## EXERCISE PROMPT
Return verbatim the lines that run from the one holding "Zahara Fotocamera Webcam" to the end of the listing, both ends included, without the pictures.

## SOURCE DATA
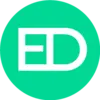 Elsadavid.com Favicon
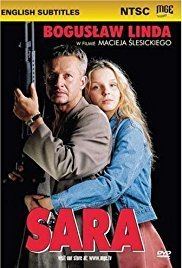 Sara (1997 film) httpsimagesnasslimagesamazoncomimagesMM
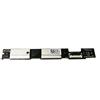Zahara Fotocamera Webcam 720P HD Sostituzione per Lenovo ThinkPad T460S T470S 00HN380 00HN379 00HN327 00HN325, 00HN326, 00HN327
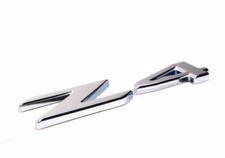 NEW BMW E85 E86 COUPE TRUNK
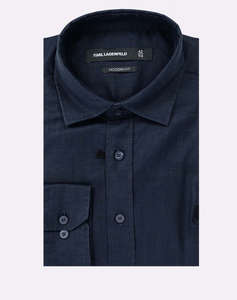 DarkBlue
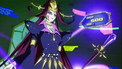 Number83GalaxyQueen-JP-Anime-ZX-NC.png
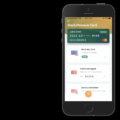 How to Use Your Direct Express Card on Cash App? 5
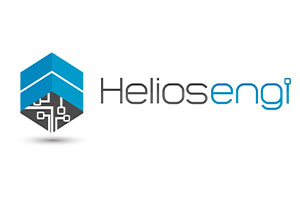 Logo Heliosengi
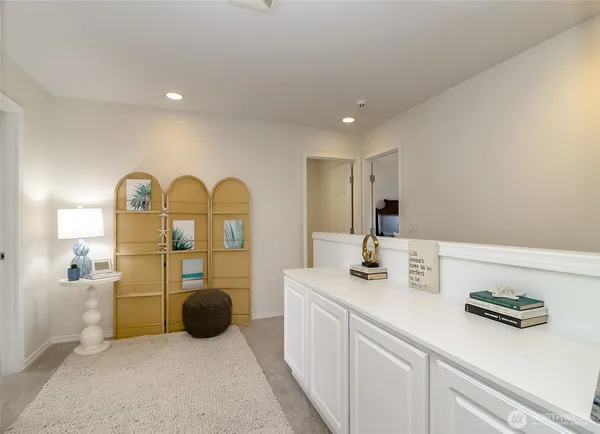 $1,029,950 | 15204 48th Avenue Southeast, Everett, WA 98208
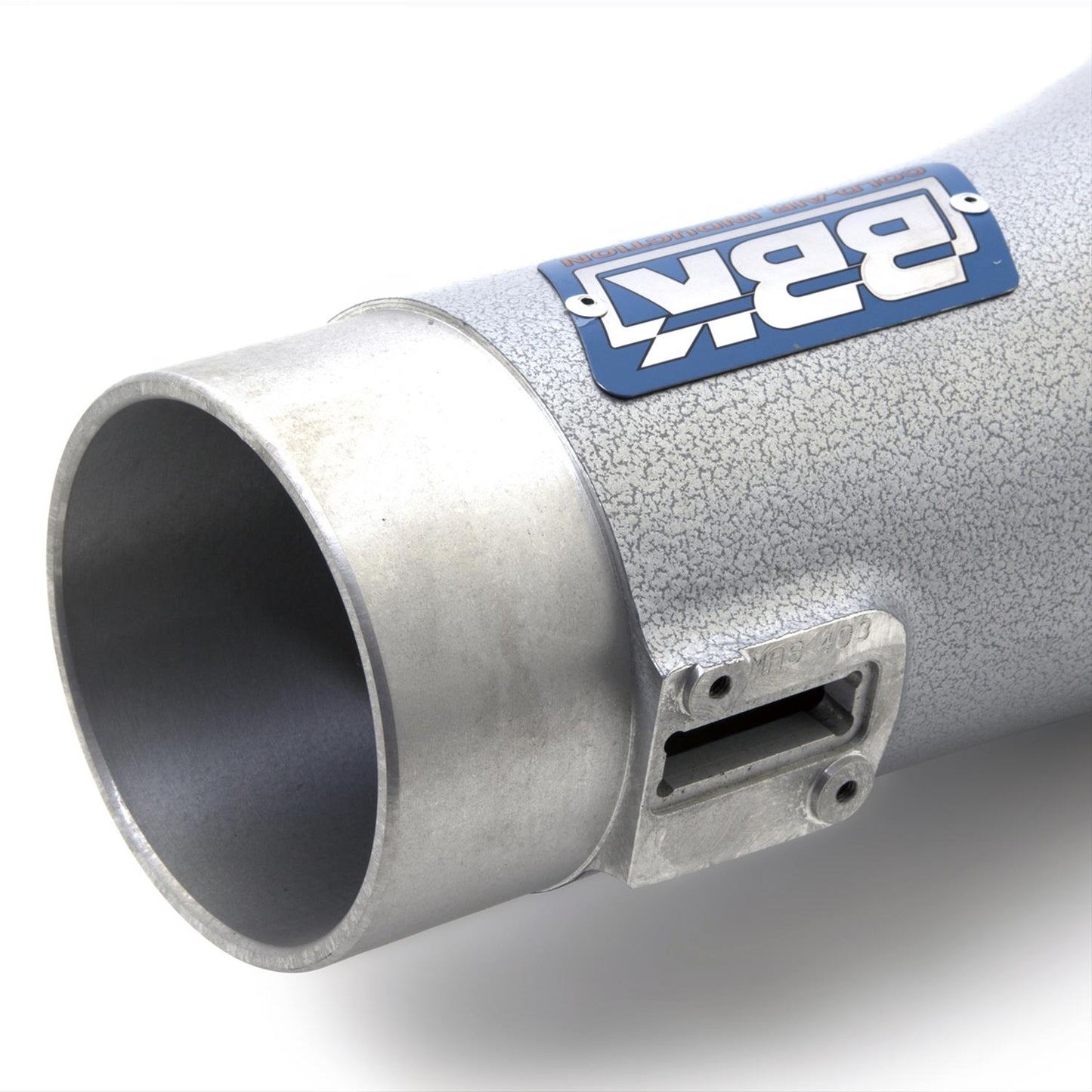 BBK Cold Air Induction Systems 1736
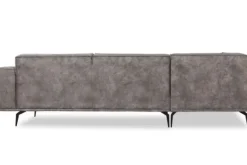 Hot Hoek bank Femke Hoekbanken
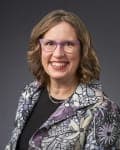 Dorothy McCabe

## EXPECTED ANSWER
Zahara Fotocamera Webcam 720P HD Sostituzione per Lenovo ThinkPad T460S T470S 00HN380 00HN379 00HN327 00HN325, 00HN326, 00HN327
 NEW BMW E85 E86 COUPE TRUNK
 DarkBlue
 Number83GalaxyQueen-JP-Anime-ZX-NC.png
 How to Use Your Direct Express Card on Cash App? 5
 Logo Heliosengi
 $1,029,950 | 15204 48th Avenue Southeast, Everett, WA 98208
 BBK Cold Air Induction Systems 1736
 Hot Hoek bank Femke Hoekbanken
 Dorothy McCabe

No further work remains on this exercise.